● The problem:
The answer must be an exact copy of the records, with every picture removed.

● Listed records:
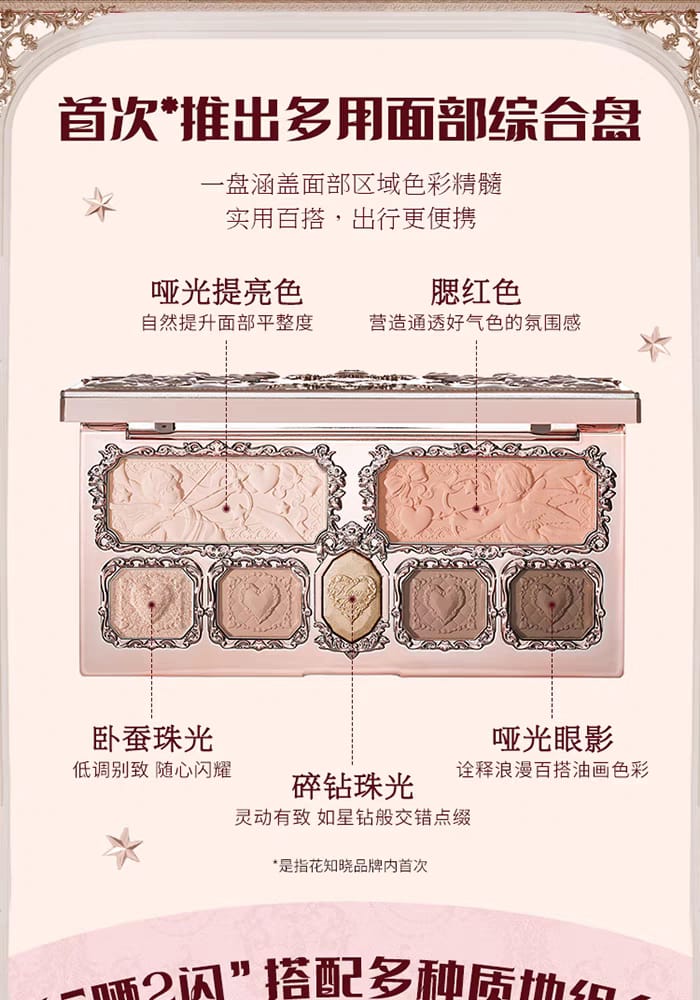 Flower knows Strawberry Cupid Embossed eyeshadow palette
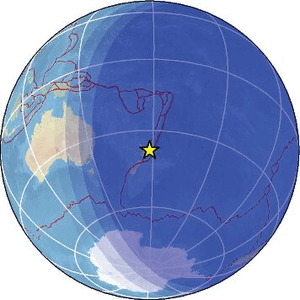 Global view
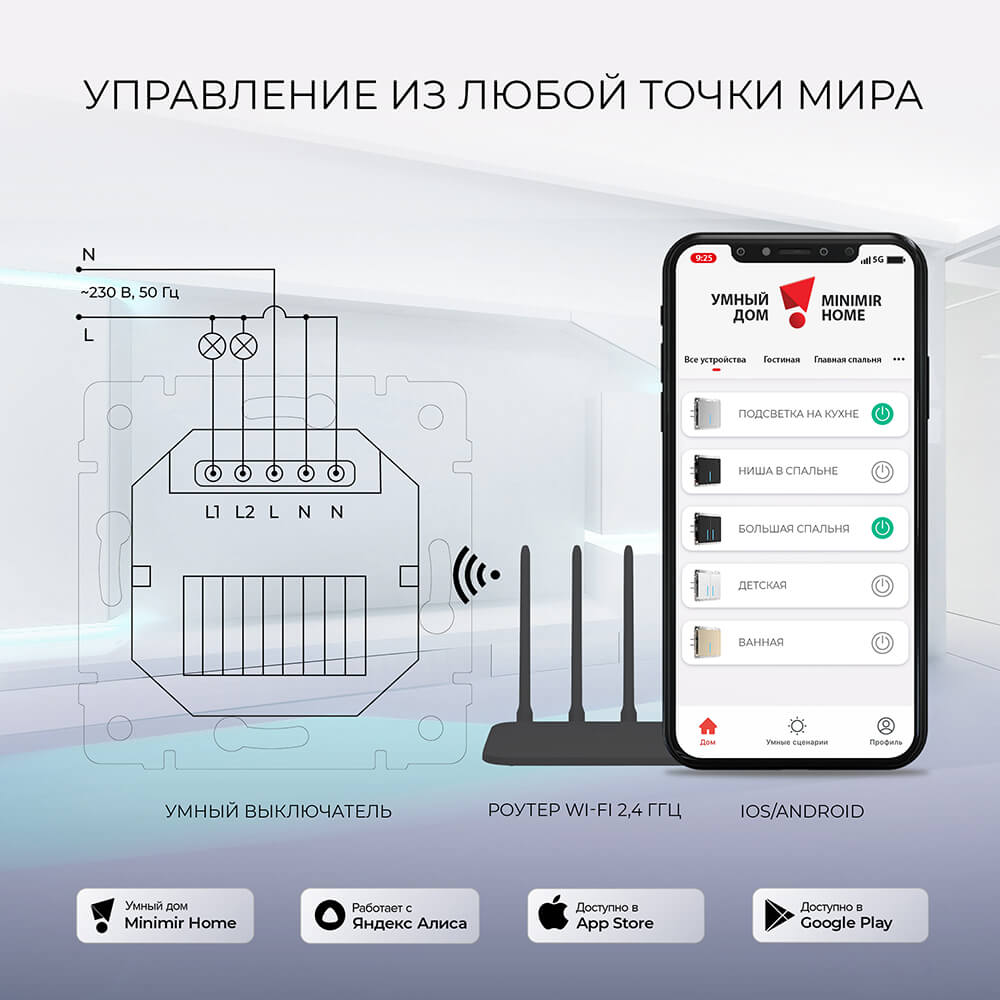 сенсорный выключатель двухклавишный с функцией wi-fi werkel шампань w4520611 4690389171307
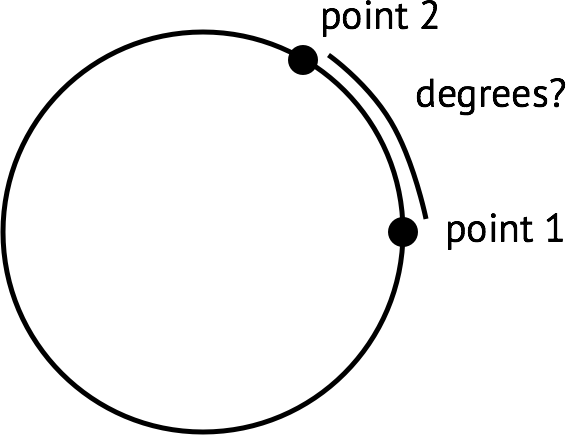 Enter Image Description Here - Circle (566x435)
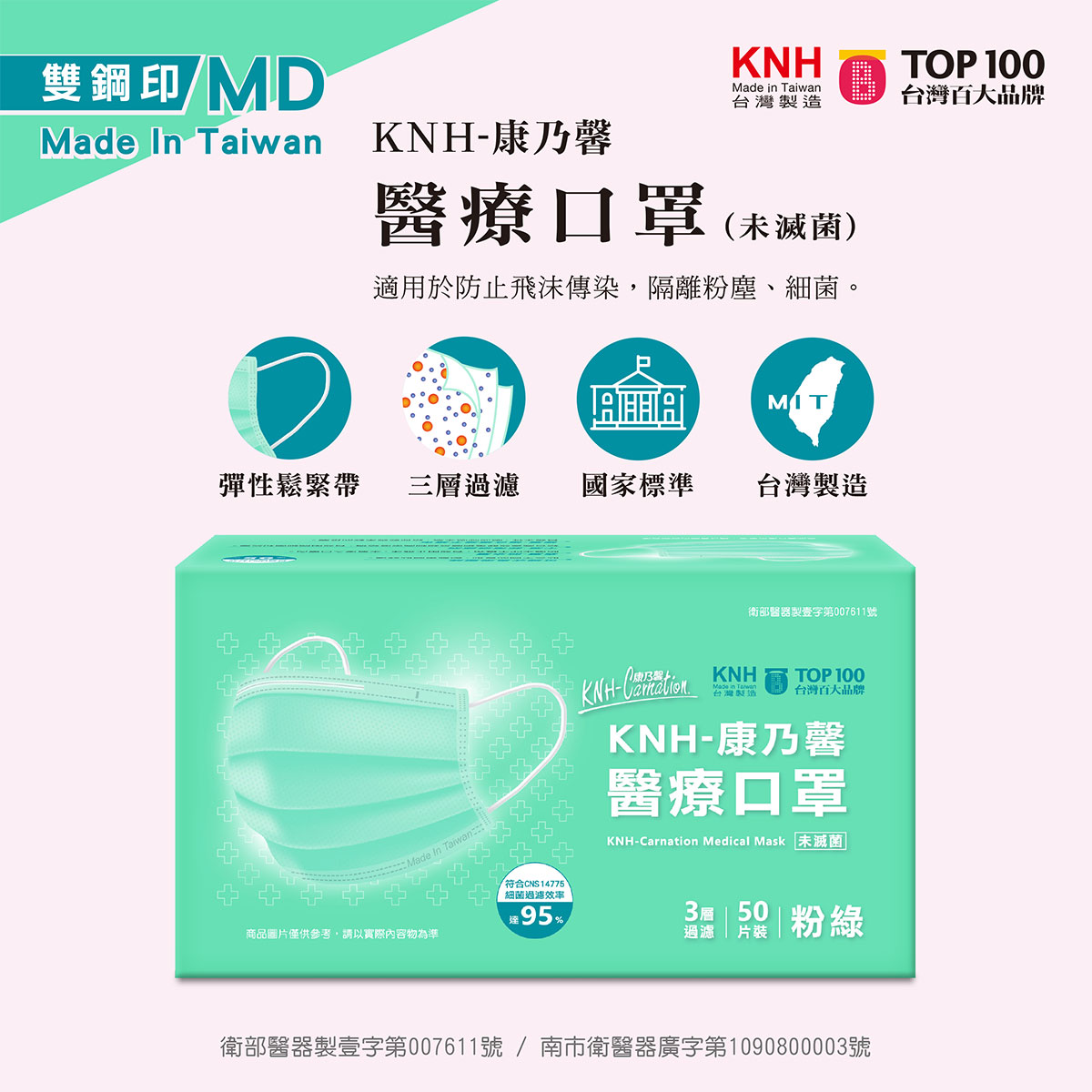 【台灣製造雙鋼印】KNH-康乃馨醫療口罩(粉綠)50片/盒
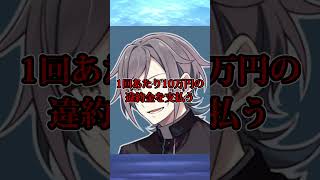 【ゆっくり】夢月ロアと鳴神裁の裁判が和解で終結【金魚坂めいろ】
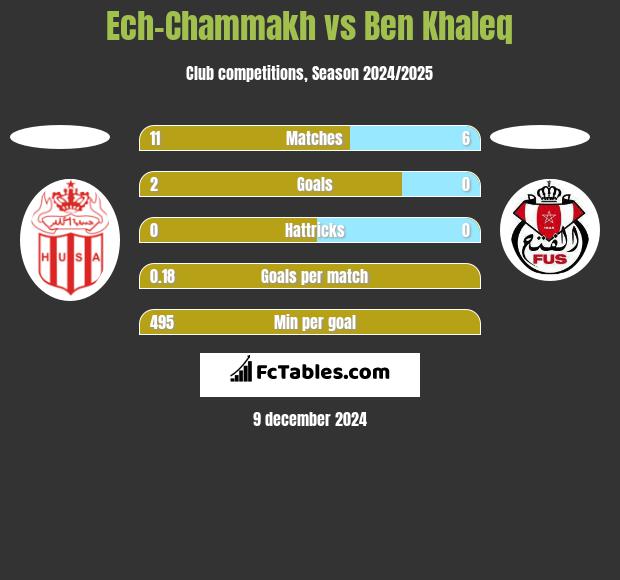 Ech-Chammakh vs Ben Khaleq h2h player stats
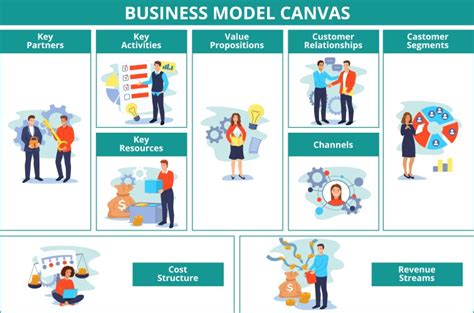 Business Operating Model Vector 的图像结果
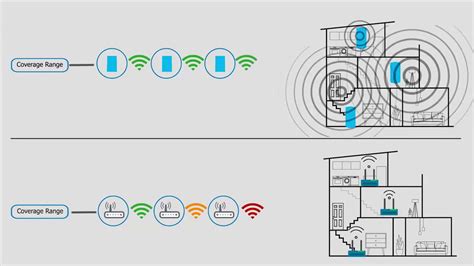 와이파이 Mesh WiFi VS 증폭기/확장기 Extender 장점 단점 차이점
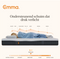 Emma Sleep Original Hybrid Thermo Matras - 200 x 200 cm - Pocketveren en Airgocell®-schuim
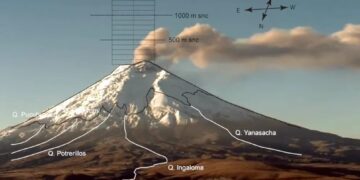 La reactivación del volcán Cotopaxi ha generado preocupación en la población aledaña y en las autoridades (Foto: Instituto Geofísico)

● Your response:
 Flower knows Strawberry Cupid Embossed eyeshadow palette
 Global view
 сенсорный выключатель двухклавишный с функцией wi-fi werkel шампань w4520611 4690389171307
 Enter Image Description Here - Circle (566x435)
 【台灣製造雙鋼印】KNH-康乃馨醫療口罩(粉綠)50片/盒
 【ゆっくり】夢月ロアと鳴神裁の裁判が和解で終結【金魚坂めいろ】
 Ech-Chammakh vs Ben Khaleq h2h player stats
 Business Operating Model Vector 的图像结果
 와이파이 Mesh WiFi VS 증폭기/확장기 Extender 장점 단점 차이점
 Emma Sleep Original Hybrid Thermo Matras - 200 x 200 cm - Pocketveren en Airgocell®-schuim
 La reactivación del volcán Cotopaxi ha generado preocupación en la población aledaña y en las autoridades (Foto: Instituto Geofísico)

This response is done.